I don't think there is any shortcut for tropism; like you mention, it requires from-scratch recalculation of the piece-square sum when the King moves. This is still the basis for NNUE evaluations. But fortunately King moves are pretty rare in the tree; in most middle-game positions a King has only 2 moves. A work-around would be to draw pieces not to the actual King location, but to one of the nominal locations b8/g8, depending on to which the King is closest. That would also eliminate the problem of the King stepping to a8/h8 to get further away from the enemy.
I think there are many forms of King Safety around, so whether these could benefit from incremental techniques will vary. E.g. Fruit uses a system that determines which enemy pieces have moves that end adjacent to the King, (note that positions where the King is in check would never be evaluated), and then some non-linear formula to map that set to a score. The latter could also be implemented through a table lookup, indexed by a hash key derived from the set of pieces involved in the 'seige'. So the hard part here is to determine which pieces attack the King neighborhood.
A way to do this from scratch would be to run through the piece list, and test it for each piece individually. In a mailbox representation this test would be similar to a 0x88 attack test: you would have a table indexed by the relative position to the King, indicating through bit flags for each piece type whether that piece would be aligned properly to attack the 3x3 King neighborhood (rather than a single target square). Alignment would not be as rare as with an attack test, but still rare enough. (E.g. Pawns would almost never attack the King neighborhood.) Slider alignment would have to be verified with a ray scan.

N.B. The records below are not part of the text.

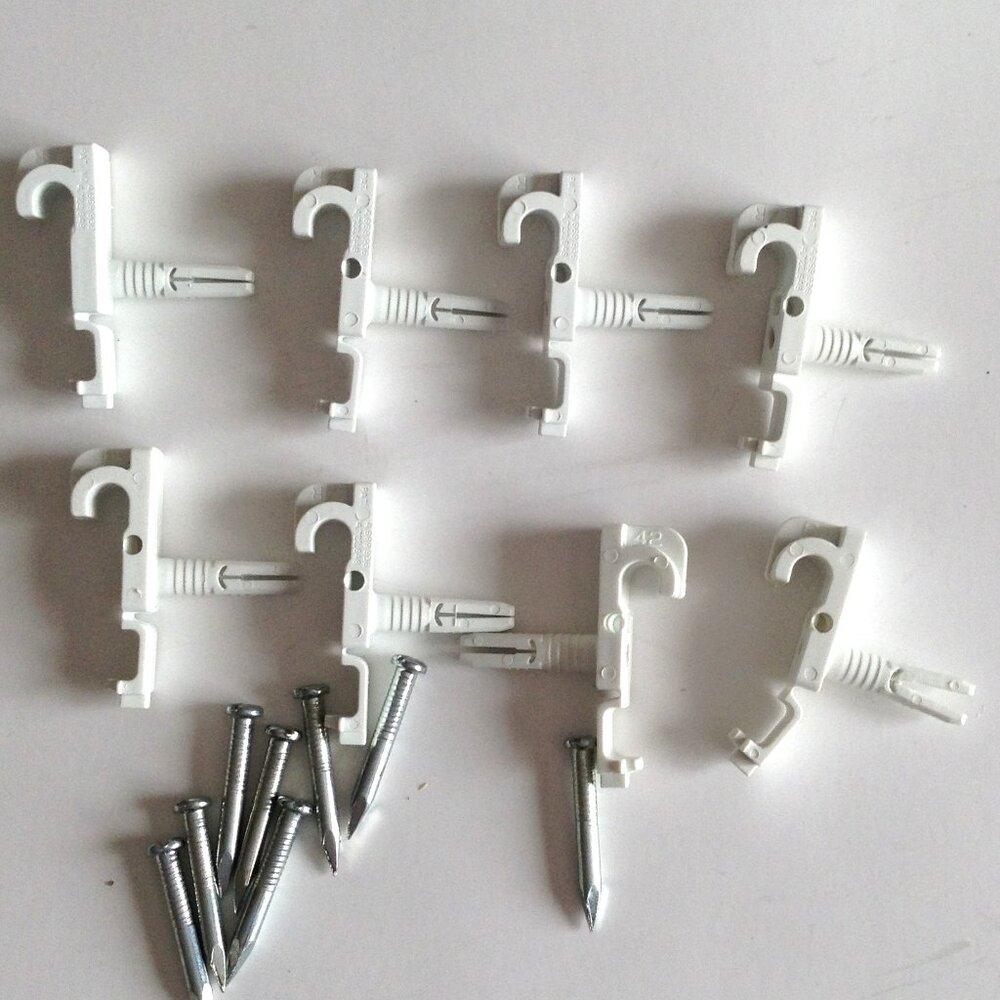 Set of 8 White Fast Set Back Clip W/Drive Pin Wall Shelving Renovating DIY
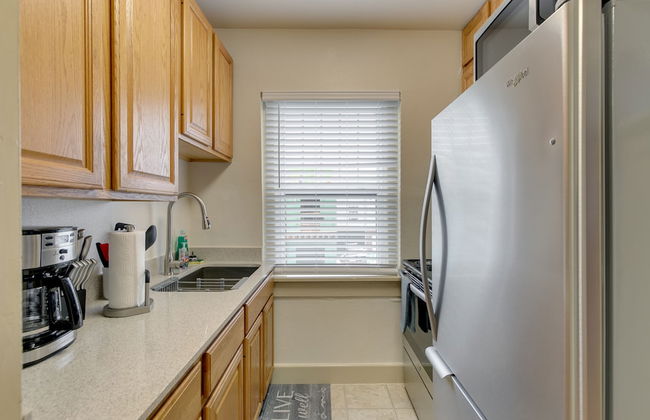 Evie's apartment - Photo 39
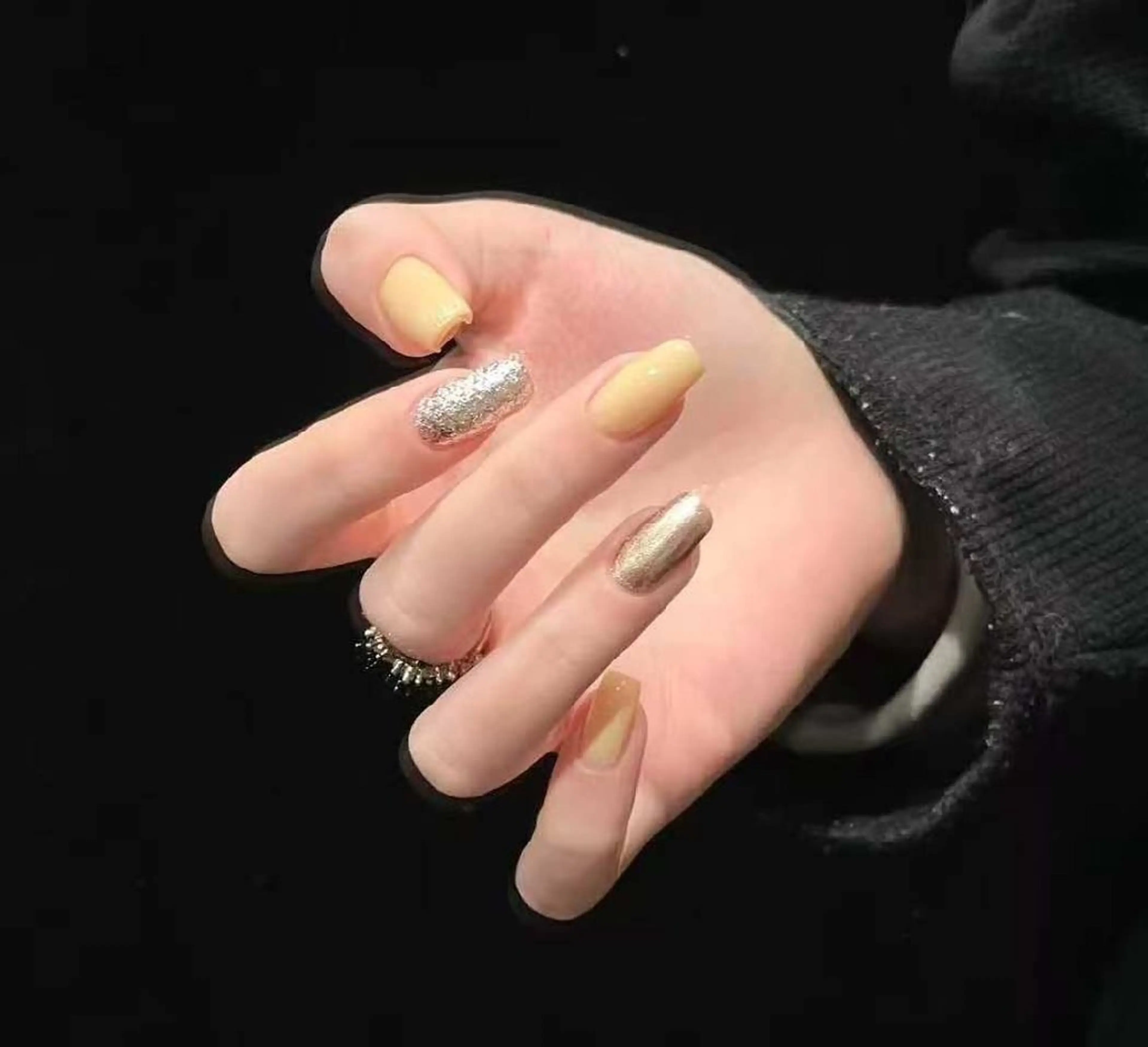 ネイル オーロラネイル フラワーネイル フットネイル フレンチネイル ジェルネイル ハンドネイル Oomiya 服部のネイルデザイン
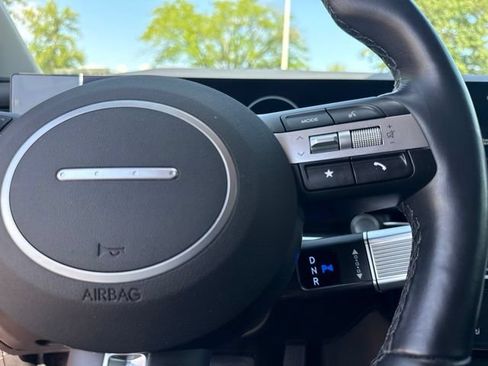 Used 2025 Hyundai Tucson Limited AWD/4WD image 38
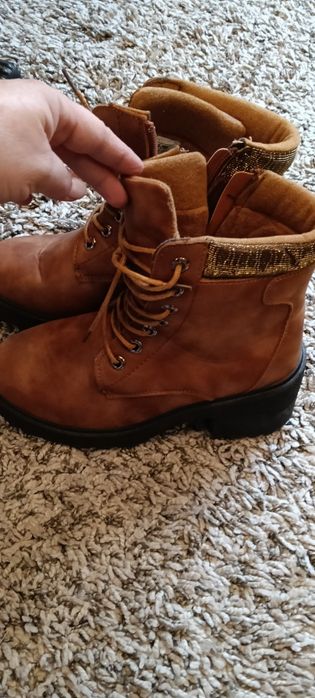 Ghete de damă măr.38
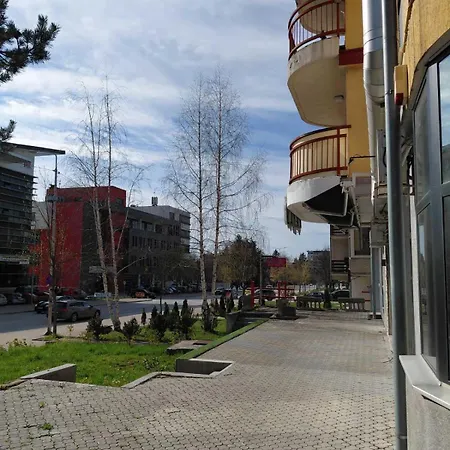 Lobo Stan Na Dan Apartman *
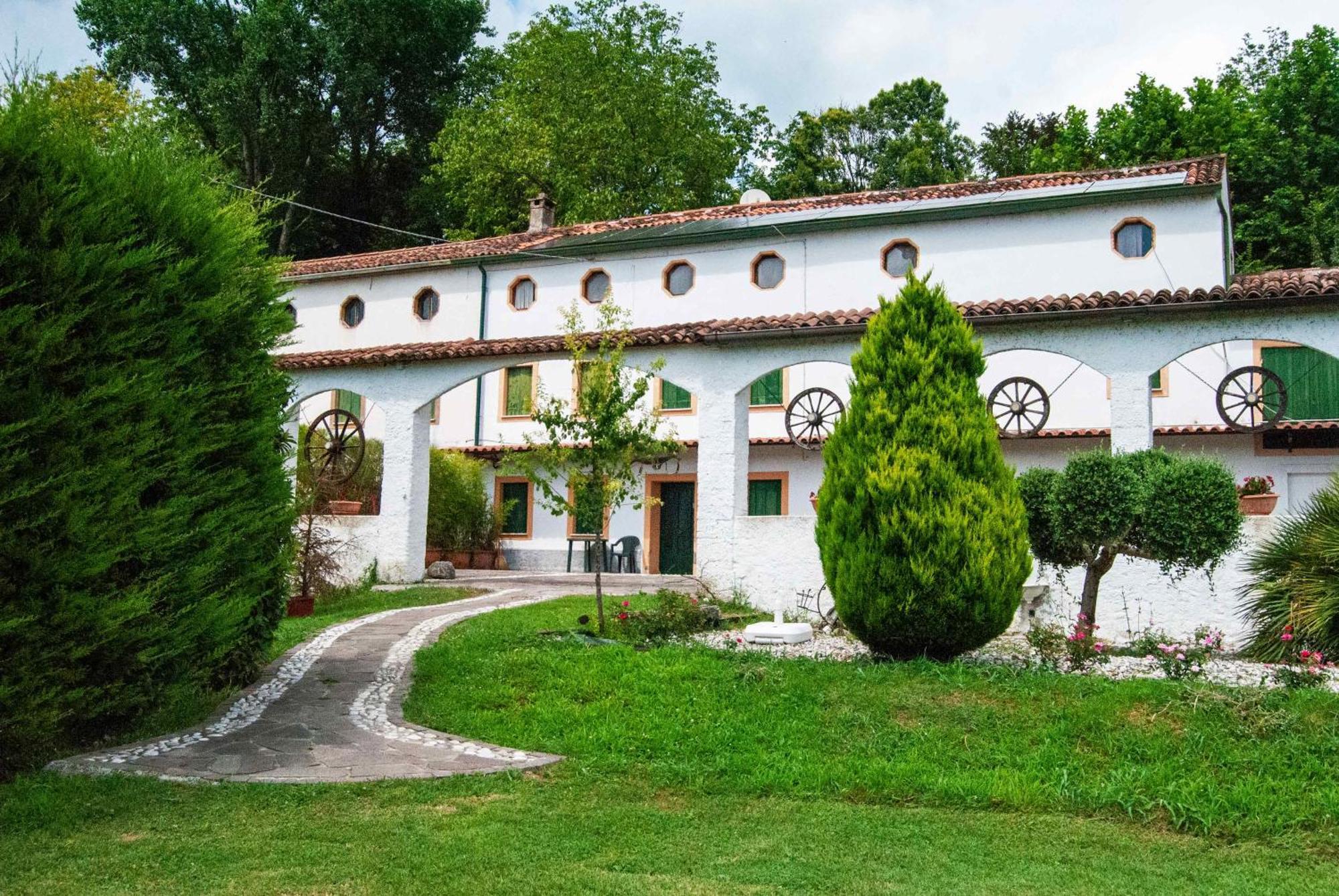 Appartamenti Vacanza Tra Venezia E Le Dolomiti Vittorio Veneto Exterior photo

The alignment tests could be done incrementally, though; a move with a non-royal could only change the alignment of that non-royal, and that of the piece it captures. So you could keep a set of 32 bit flags, one for each piece, indicating whether that piece is present and aligned. If a piece is moved, you would have to determine its new alignment. If a piece is captured its seige-alignment flag would be unconditionally cleared. The remainder of the test could extract the the aligned sliders (hopefully few), to see whether their seige is blocked or not. For leapers alignment implies attack. You could compare that to the seige status in the parent node. Only if it changed you would have to update the seige key for the participation of the piece, and lookup the new seige bonus using that new key; otherwise you would just copy the old bonus. Only when the King moves you would have to redo the calculation entirely from scratch (again...).

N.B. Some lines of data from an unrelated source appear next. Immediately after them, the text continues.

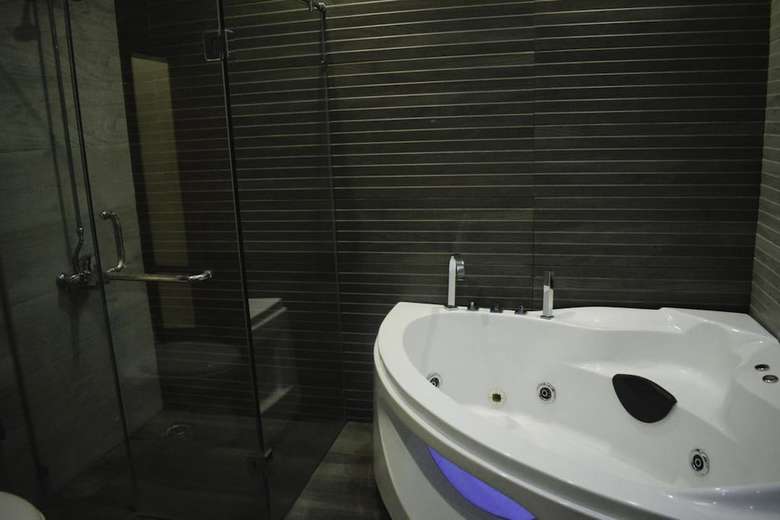 Grand Millennium Hotel Lahore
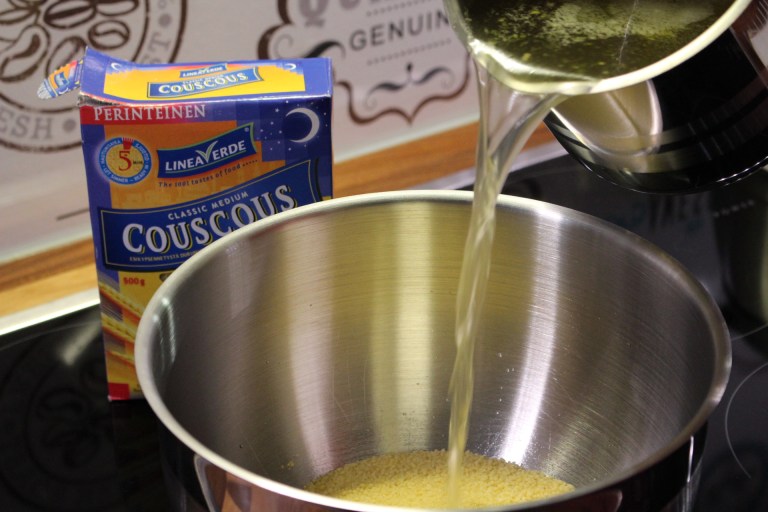 granaattiomenacouscous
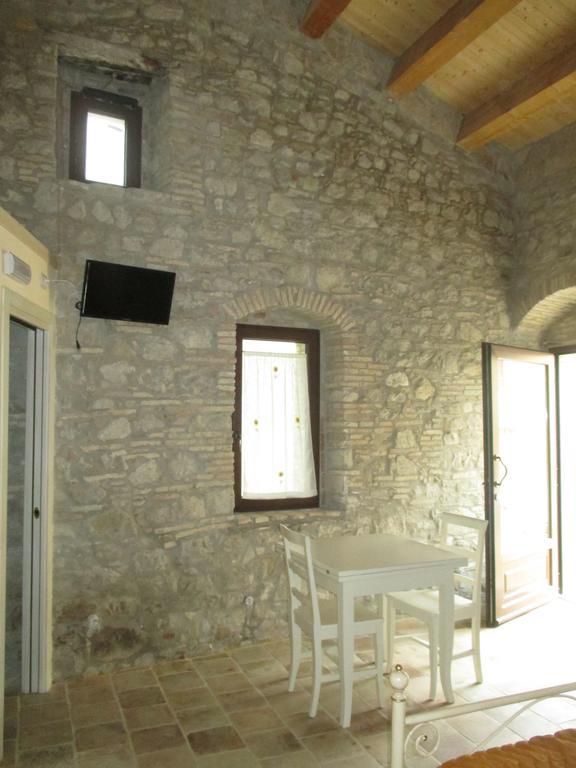 Residenza Sant'Antonio Hotel Deliceto Buitenkant foto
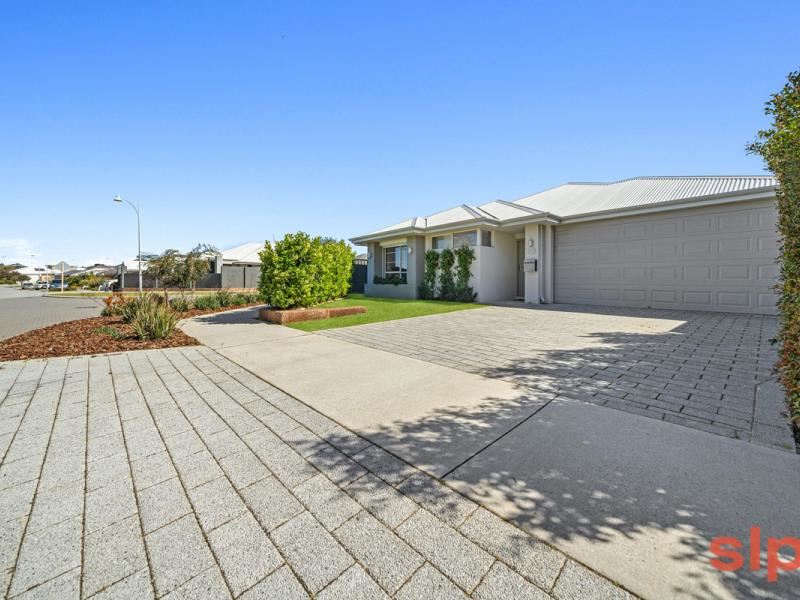 33 Solandri Bend, Banksia Grove WA 6031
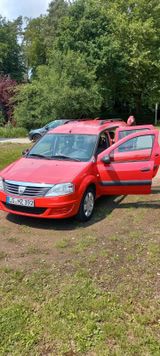Dacia Logan 1,4 l Benzin / Rot - Dacia Logan mit Benzin-Antrieb: Kombi, 1.4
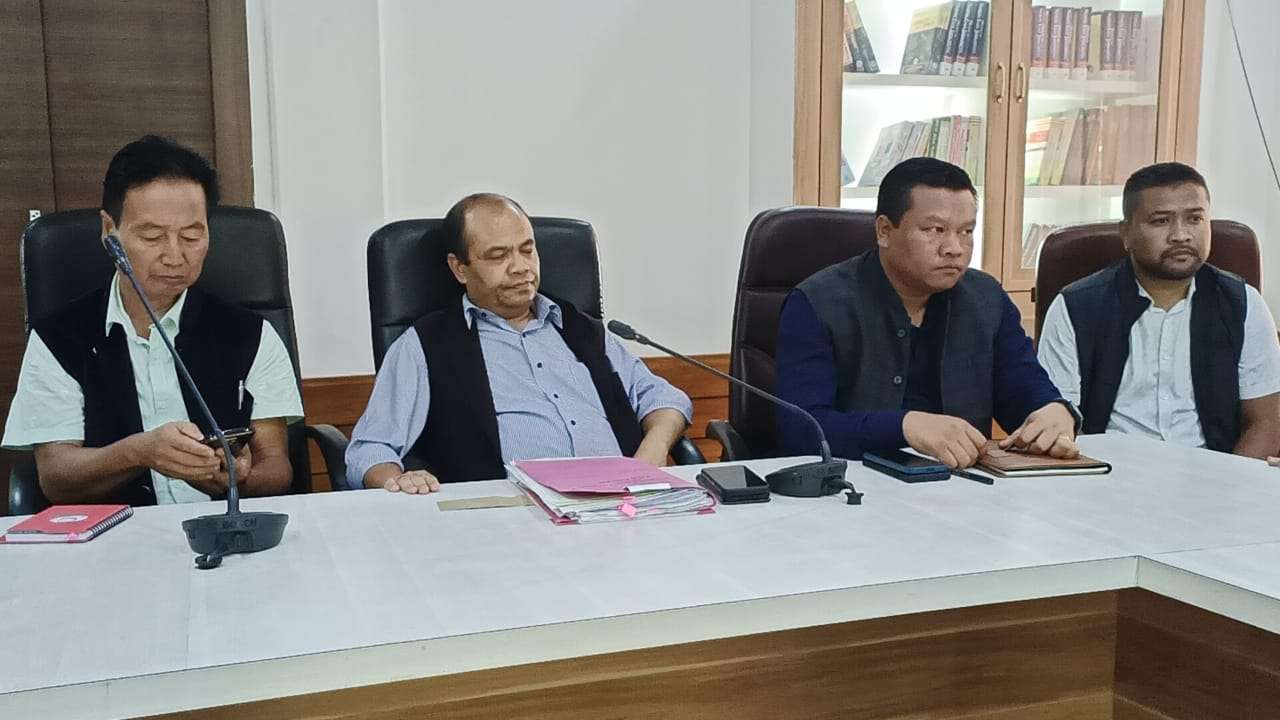 KHADC holds Border Committee meeting with community leaders of disputed areas, encourages them to stay with Meghalaya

The Pawn key is usually kept in exactly the same way as the main hash key as a 64-bit integer. The only difference is that all the Zobrist keys for non-Pawns are zero for the Pawn key. Like with the TT, it is usually sufficient to keep a 32-bit signature in the table entry, and use the other 32-bit for deriving the table index. Then you would only have a collision once every 4 billion probes, on average.

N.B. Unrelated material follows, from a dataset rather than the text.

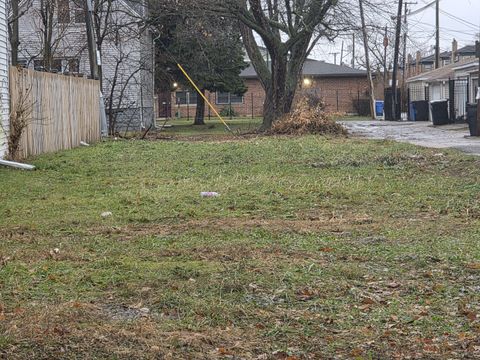 9314 S University Avenue Chicago IL 60619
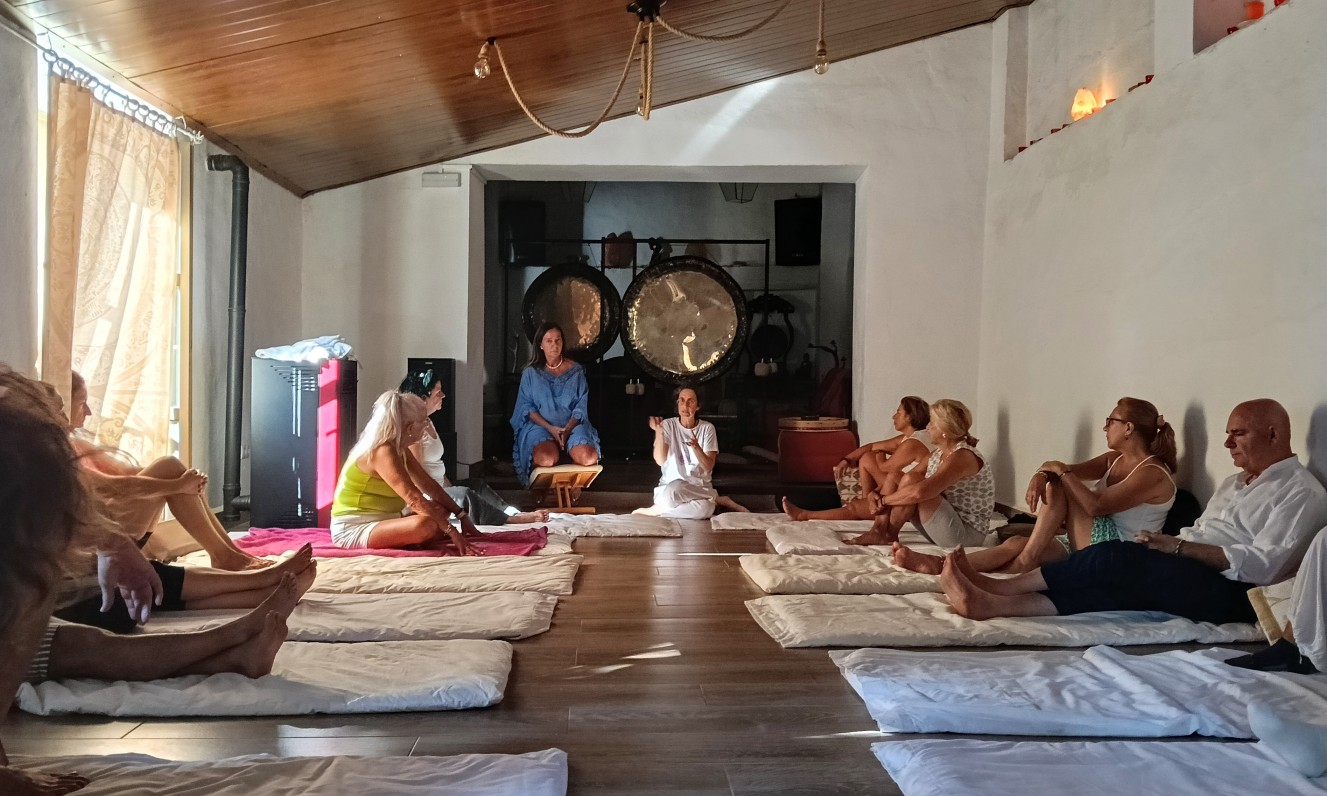 Una experiencia de meditación y relajación profunda en la que el sonido del gong envuelve al cuerpo y la mente, generando un masaje vibracional en cada célula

An always-replace table is probably good enough; since the Pawn hash is basically an evaluation cache, depth is not a meaningful parameter. For a more advanced replacement scheme you could use ' least-recently used'. Pawn-hash entries are typically larger than TT entries (I think KingSlayer uses 32-byte entries), so for efficient caching you would probably not want to have more than 2 slots per bucket. But you could still put a flag in the bucket to indicate which of the two entries was used modt recently, and then replace the other.